— Material to process —
════════════════
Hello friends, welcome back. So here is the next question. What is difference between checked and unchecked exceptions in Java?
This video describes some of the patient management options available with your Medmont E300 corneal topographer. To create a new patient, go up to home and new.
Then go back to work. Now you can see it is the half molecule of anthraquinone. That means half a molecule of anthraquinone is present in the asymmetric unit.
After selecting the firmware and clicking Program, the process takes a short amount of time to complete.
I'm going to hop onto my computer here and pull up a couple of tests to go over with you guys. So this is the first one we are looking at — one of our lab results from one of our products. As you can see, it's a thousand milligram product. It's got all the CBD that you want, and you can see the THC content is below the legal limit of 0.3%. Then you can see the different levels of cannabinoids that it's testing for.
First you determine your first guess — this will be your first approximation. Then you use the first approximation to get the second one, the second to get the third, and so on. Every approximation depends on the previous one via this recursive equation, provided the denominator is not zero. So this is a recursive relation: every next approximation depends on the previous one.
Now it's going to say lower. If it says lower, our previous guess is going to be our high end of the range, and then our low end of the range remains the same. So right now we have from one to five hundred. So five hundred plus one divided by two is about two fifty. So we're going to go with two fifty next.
════════════════
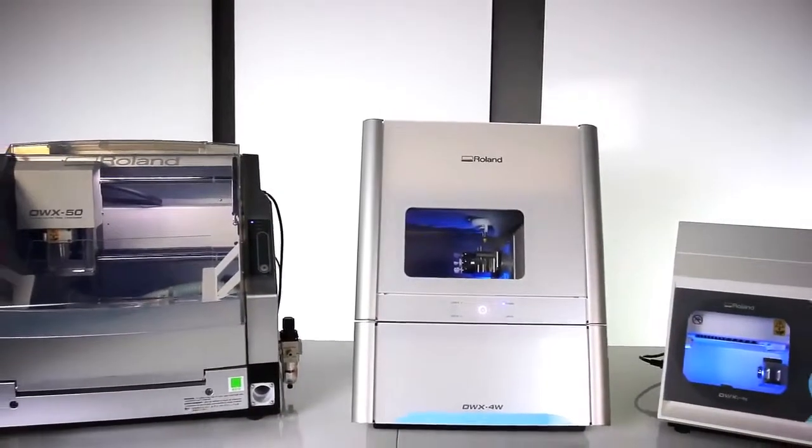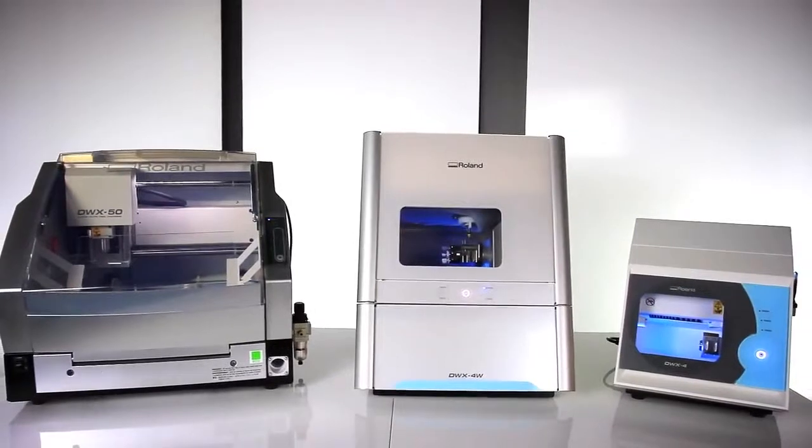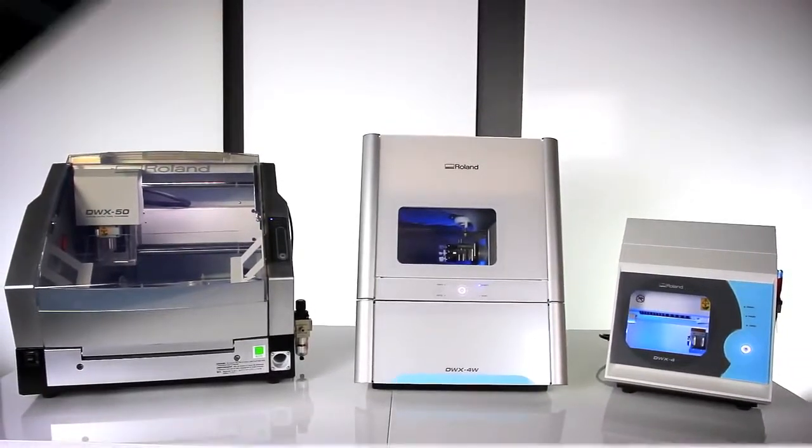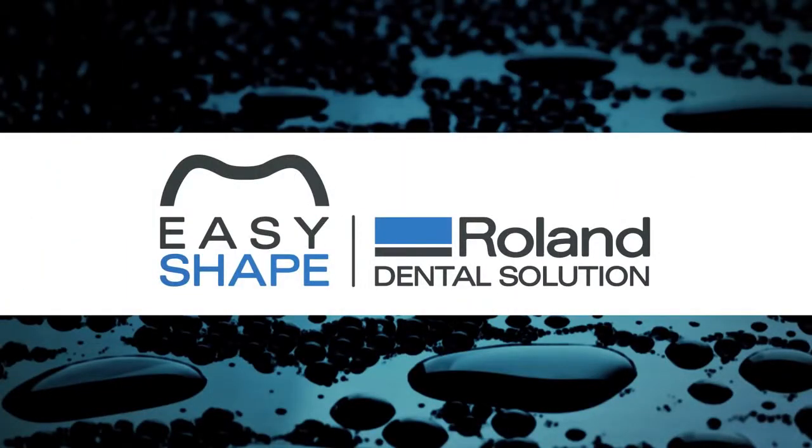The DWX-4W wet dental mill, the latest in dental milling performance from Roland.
════════════════
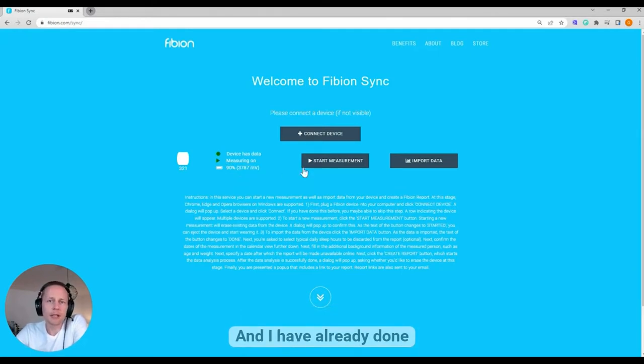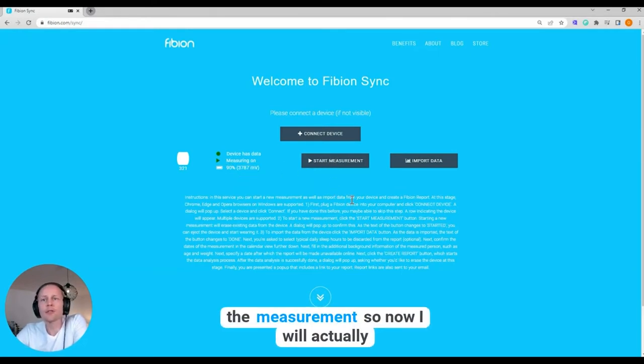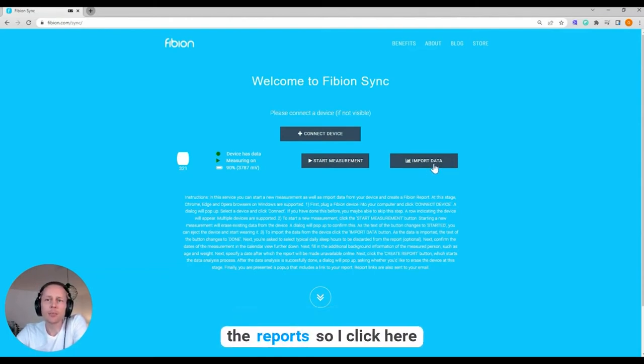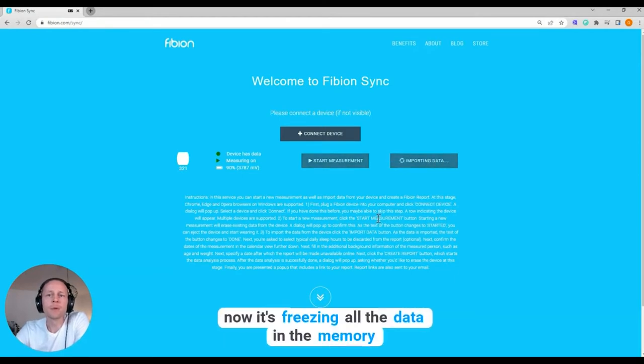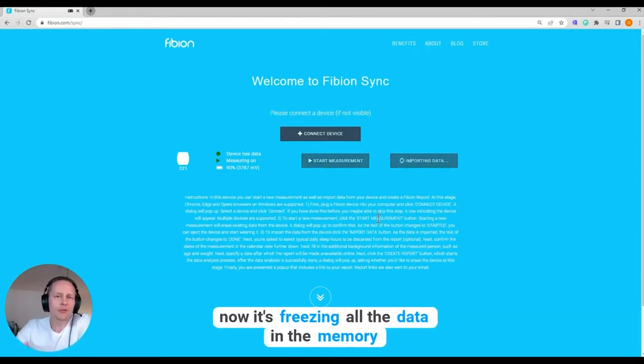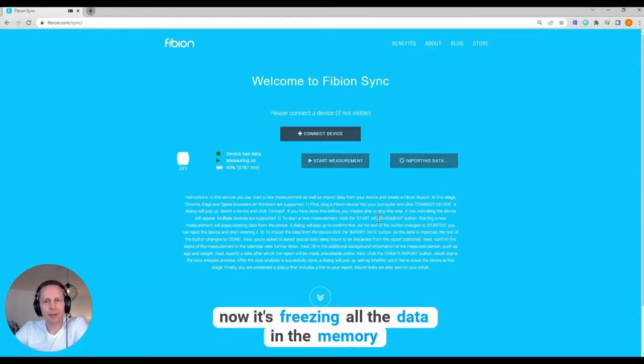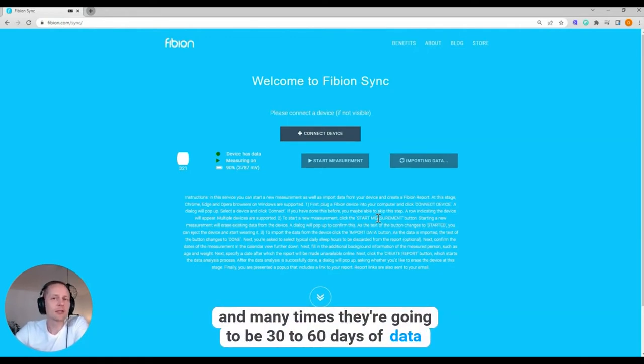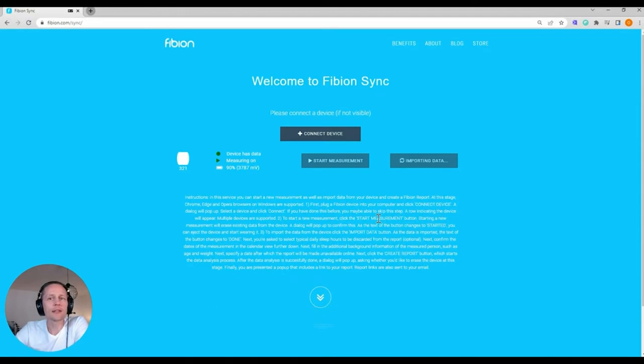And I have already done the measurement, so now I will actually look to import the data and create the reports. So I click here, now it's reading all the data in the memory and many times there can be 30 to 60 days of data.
════════════════
Beginning at the line with "Hello friends, welcome" and stopping after the line with "This video describes", please write out every line of the data above exactly and nothing else.

Hello friends, welcome back. So here is the next question. What is difference between checked and unchecked exceptions in Java?
This video describes some of the patient management options available with your Medmont E300 corneal topographer. To create a new patient, go up to home and new.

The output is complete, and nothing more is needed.